Stage 1 – Stop mould from becoming a problem
Condensation is the most common form of damp in rented properties. Condensation appears when moisture in the air comes into contact with a cold surface, such as a window or a cold wall. Mould can then grow on damp walls and window frames.
There are many things you can and should do to help:
- keep a lid on pans when cooking;
- use extractor fans provided;
- dry clothes outdoors if possible;
- keep the door closed and window open when drying clothes indoors;
- keep your home properly and evenly heated. Regular heating keeps the walls and other surfaces warm and reduces the risk of condensation;
- don't try to brush or vacuum mould. This releases it into the air and could make breathing problems worse;
- treat mould growth to remove it and stop it getting worse. Use a fungicidal wash, available from DIY shops or supermarkets.
For more information please see:
Stage 2 – Ask your landlord for help
If you follow the advice in stage 1 and that does not solve the problem, ask your landlord to help. You should ask in writing – it’s best to use an email, a text or a letter – and then keep a copy. Tell your landlord what the problem is and where it is. Explain what you have done to try to solve the problem if you can. Ask politely. Most landlords will want to help.
You may find it useful to use Shelter’s how to report repairs to a private landlord template letter
The law says that your landlord must fix damp caused by problems such as:
- a leaking roof, gutter or cracked wall;
- leaking pipes;
- rotten window frames;
- broken heaters;
- damp-proofing that is old or defective - this is often the cause of damp on ground-floor and basement flats.
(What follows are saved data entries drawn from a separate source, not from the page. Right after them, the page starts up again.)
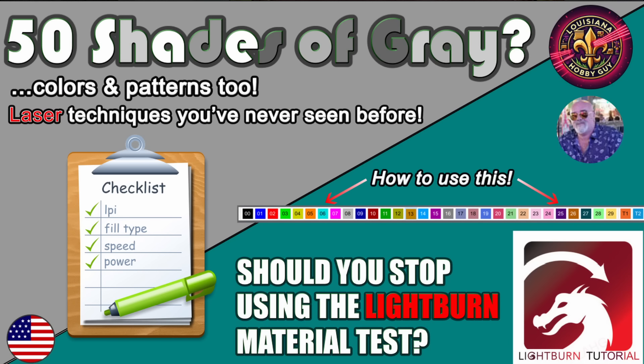Hey, it's Rich the Louisiana Hobby Guy. If you clicked on this video because of the thumbnail, '50 Shades of Gray' is what we're doing today. There's probably more than 50 shades of gray that you can do on a laser, so we're going to talk about colors, patterns, and yes, even color.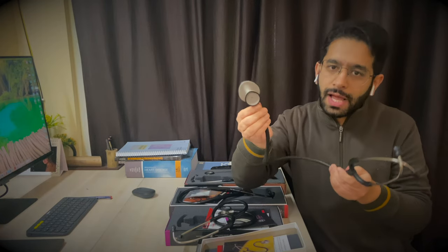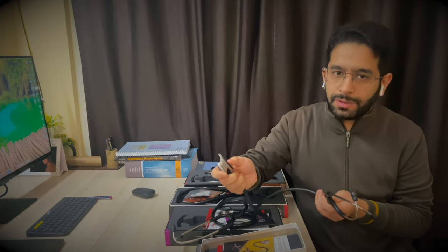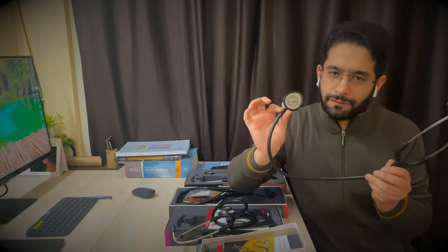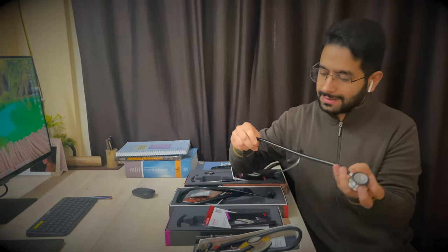The lightweight stethoscope has a bell on one side and a tunable diaphragm on the other, so you can listen to different frequencies of sound and do a basic physical examination.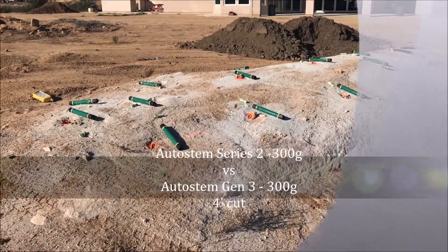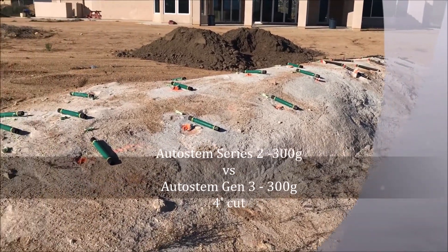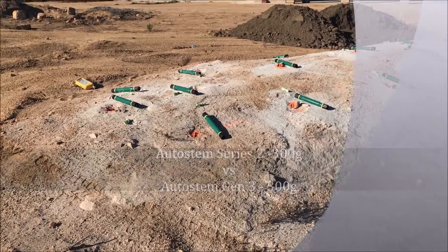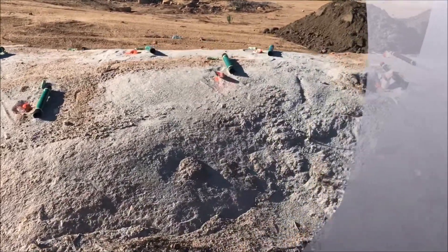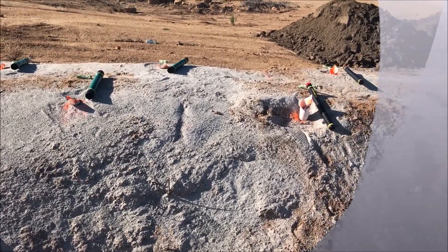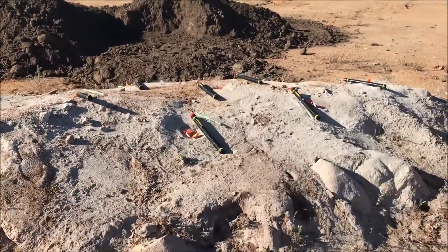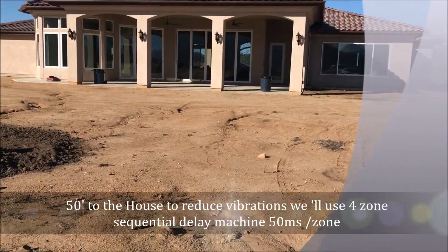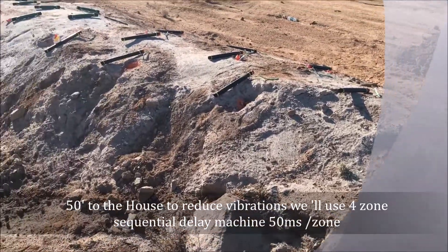We have an embedded boulder — a rock that is 40 feet long and 10 feet wide. We have 14 Series 2 300-gram cartridges on half of the rock. There's a natural seam that goes through the rock right here. This half has 15 Generation 3 300-gram cartridges. This edge of the rock is 50 feet from the house, so we will be breaking this into four zones using a sequential delay machine.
Your landlord should do something to improve the situation even if your tenancy agreement doesn't say anything about their responsibility for conditions in your home. For example, your landlord could:
- provide a de-humidifier;
- install ventilation; or
- improve the insulation of your home.
Stage 3 – Get help
If you have written to your landlord telling them about the problem and they have not done anything, you need further help.
It may be possible to take legal action against your landlord to force them to carry out repairs or to compensate you.
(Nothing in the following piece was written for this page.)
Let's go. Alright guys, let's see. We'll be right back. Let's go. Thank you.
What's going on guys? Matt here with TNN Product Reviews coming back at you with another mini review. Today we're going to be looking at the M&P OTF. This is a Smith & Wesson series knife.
If you think the conditions are putting your health at risk, you can report a disrepair to the council, who can assess whether your home is safe and take action if it is not.
After inspecting your home, we will take action. The action we take will depend on the kind of problem you have, but if we find conditions that are a risk to your health, it is likely that we will issue a formal notice to the landlord.
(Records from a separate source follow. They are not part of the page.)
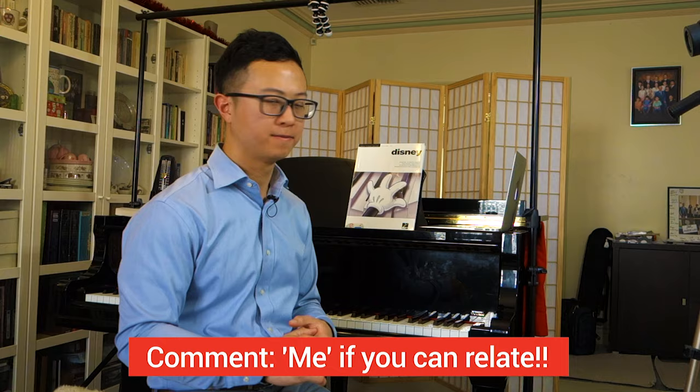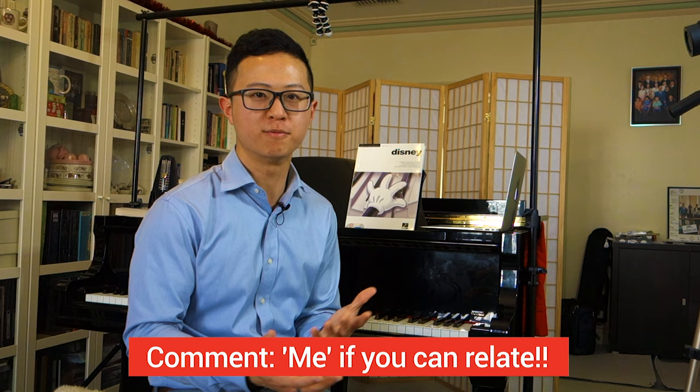Sight reading is a really tricky skill that many people struggle with, including myself. If you can relate, comment the word 'me' down below. I've taught piano for many years and I see that students continue to struggle with this problem because they sight read the wrong way. Here's one of the greatest tips I have for you when you are sight reading on the piano: stop looking at your hands.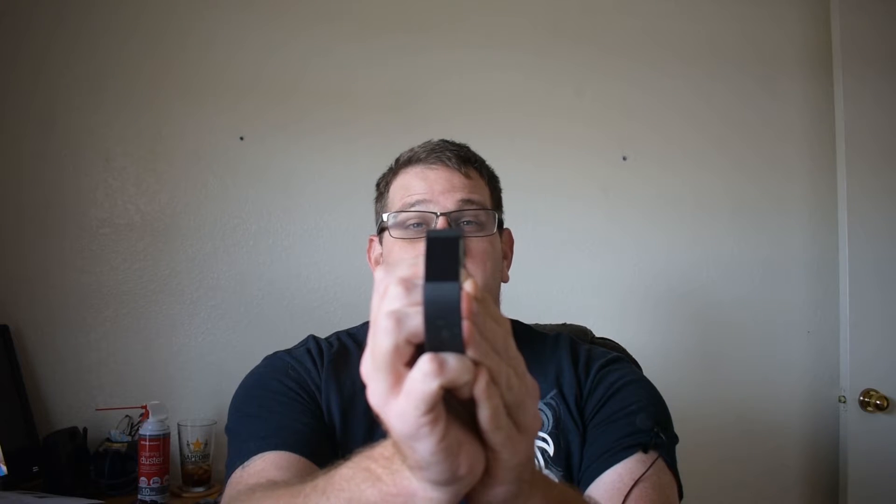Hey everyone, George here. How are you guys doing today? So today is a great day. I'm reviewing the Fitbit Charge 2. I've had this for a couple of months now and I love it. I had the Fitbit Surge before — I loved it, but it broke, and that was my fault. So if you take care of it, it'll last longer. I'm going to review the app, what you can do with it, and give my pros and cons.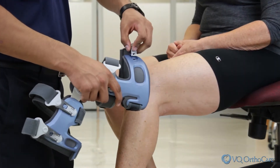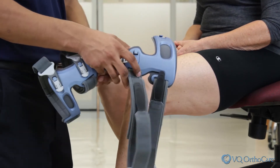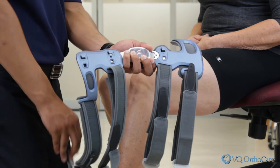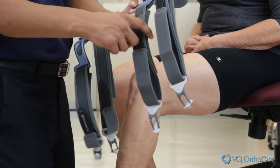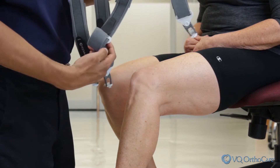Prior to application, open the brace by lifting up on the buckles and unhooking the buckles from the frame. Loosen the straps by peeling up the strap tab and reapplying at the end of the strap.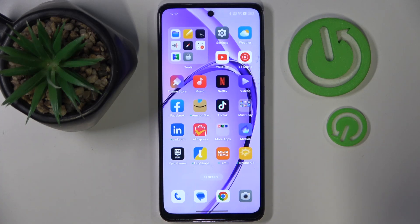Hello, in this video I will show you how to enable power saving mode on Oppo K12X.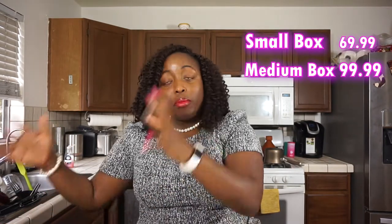Hi YouTube fam, it's your girl Jessie, and today we're reviewing Hungry Root — I'm gonna give you my final thoughts. I tried two boxes of Hungry Root, specifically the smaller box. Their price points are set up by box size: a small box for $69.99, a medium box for $99.99, and a large box for $129.99. I'm not 100% sure about the 99 cents portion, but I'll fill you in on that.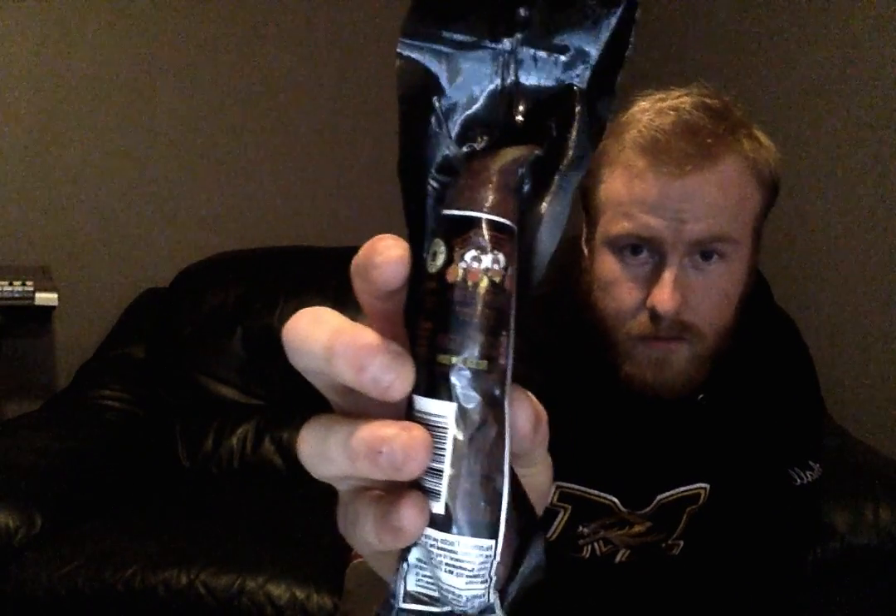Hi guys, we're just here live from the Rice Residence and today we're going to be reviewing the Go Canadian Hero Boys Milano Beer Buddy — it's a sausage, everybody can get a look at that.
Most landlords want to know as soon as something needs fixing and want to fix things as promptly. Always tell your landlord when something needs repairing.
When you ask your landlord to make repairs, you must ask in writing - even if that is an email or text - and keep a copy.
If your landlord needs to get into the property to inspect it and do repairs, they should give you at least 24-hours written notice and arrange a suitable time to visit (unless there's an emergency).
You must allow them at least 14 days to let you know what they are going to do about the problems. If they don’t respond or their response isn’t satisfactory then it’s time to contact the council using the online reporting form.
The council will assess the issues found and if they present an unreasonable risk to health and safety then the council will take action to remedy those issues. Following the process of notifying your landlord in this way before contacting the council helps prevent a revenge eviction.